We want to discover relationship between numerical variables.
Linear Regression in 1-D dimension
Assume we have only 1 feature (d = 1), linear regression make prediction $\hat{y_i}$ using a linear function of $x_i$:
$\hat{y_i} = wx_i$
Instead of “exact $y_i$”, we evaluate the size of the error in prediction:
$f(w) = \frac{1}{2}\sum_{i=1}^n(wx_i-y_i)^2$
We want to minimize this function by following steps:
- Take the derivative of ‘f’
- Find points ‘w’ where the derivative $f’(w)$ is equal to 0
- Choose the smallest one and check $f’‘(w)$ is positive
$f(w) = \frac{1}{2}(\sum_{i=1}^n(w^2x_i^2 - 2wx_iy_i + y_i ^2)) = \frac{w^2}{2}\sum_{i=1}^nx_i^2 - w \sum_{i=1}^nx_iy_i + \frac{1}{2}\sum_{i=1}^ny_i^2$
$f’(w) = \sum_{i=1}^n x_i^2 w - \sum_{i=1}^n x_iy_i = 0$
$w = \frac{\sum_{i=1}^n x_iy_i}{\sum_{i=1}^n x_i^2}$
2-D dimension and d-D dimension
For 2-D: $\hat{y_i} = w_1x_{i1} + w_2x_{i2}$
For d-D: $\hat{y_i} = \sum_{j=1}^dw_jx_{ij} = w^Tx_i (w, x_i$ are column vectors)

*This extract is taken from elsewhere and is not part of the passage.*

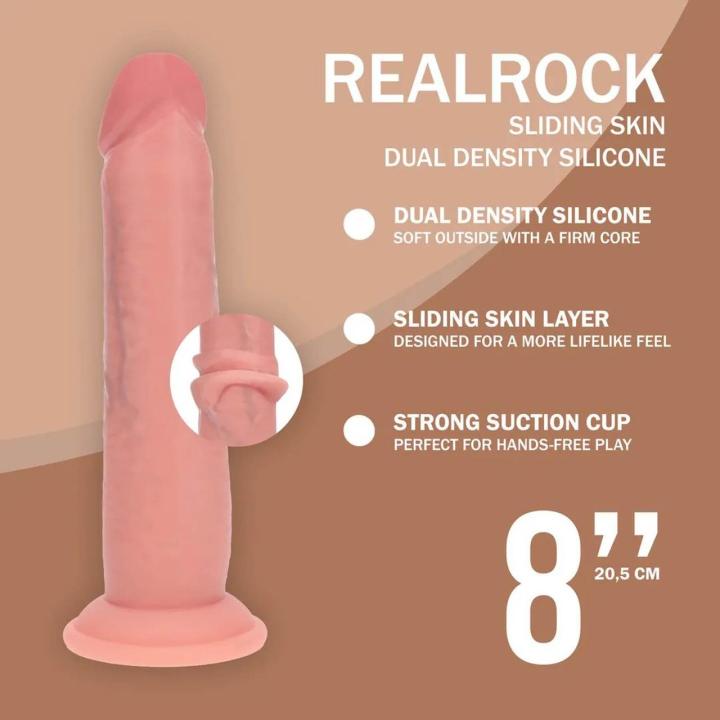 Realistyczne dildo dwuwarstwowe z silikonu 20,5 cm cieliste
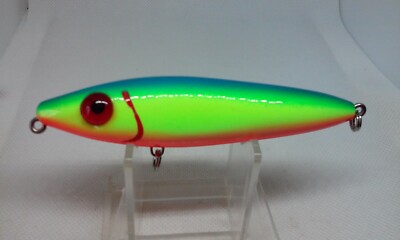 Vtg Renegade FISH HOUND Chartreuse/Blue Back 4'' Rattlin Topwater Fishing Lure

Then the linear square model is $f(w) = \frac{1}{2}(w^Tx_i-y_i)^2$ -> How do we find the best w in d dimensions?
Partial Derivative
For 1 example:
$f(w_1,w_2,\dots, w_d) = \frac{1}{2}(\sum_{j=1}^dw_jx_{ij})^2 + \sum_{j=1}^dw_jx_{ij}y_i + \frac{1}{2}y_i^2$
$\frac{\partial f(w_1,w_2,\dots, w_d)}{\partial w_1} = (\sum_{j=1}^dw_jx_{ij})x_{i1} - y_ix_{i1} = (w^Tx_i-y_i)x_{i1}$
For a genric example:
$\frac{\partial f(w_1,w_2,\dots,w_n)}{\partial w_j} = (w^Tx_i-y_i)x_{ij}$
For n examples, sum over all n examples: $\frac{\partial f(w_1,w_2,\dots,w_n)}{\partial w_j} = \sum_{i=1}^n(w^Tx_i-y_i)x_{ij}$
The partial derivative for $w_j$ depends on all ${w_1, w_2, \dots, w_d}$, we cannot set equal to 0 to solve for $w_j$
Gradient in d-Dimensions
Generalizing “set the derivative to 0 and solve” in d-dimensions to:
Find ‘w’ where the gradient vector equals the zero vector.
gradient vector:
\[\nabla f(w)=\begin{bmatrix} \dfrac{\partial f}{\partial w_1}\\ \dfrac{\partial f}{\partial w_2}\\ \vdots\\ \dfrac{\partial f}{\partial w_d} \end{bmatrix}\]For linear least squares: \(\nabla f(w) = \begin{bmatrix} \sum_{i=1}^n(w^Tx_i-y_i)x_{i1} \\ \sum_{i=1}^n(w^Tx_i-y_i)x_{i2} \\ \vdots\\ \sum_{i=1}^n(w^Tx_i-y_i)x_{id} \\ \end{bmatrix}\) And $\nabla f(w) = 0$ for linear least squares can be solved by linear equations.
Matrix/Norm Notaition
- prediction for example ‘i’ is given by the scalar $w^Tx_i$
- prediction for all ‘is’ is the matrix-vector product $Xw$
- residual vector $r = \hat{y} - y$
$f(w) = \sum_{i=1}^n(r_i)^2 = \sum_{i=1}^nr_ir_i = r^T r = ||r||^2 = ||Xw-y||^2$
$f(w) = \frac{1}{2}||Xw-y||^2 = \frac{1}{2}(Xw-y)^T(Xw-y)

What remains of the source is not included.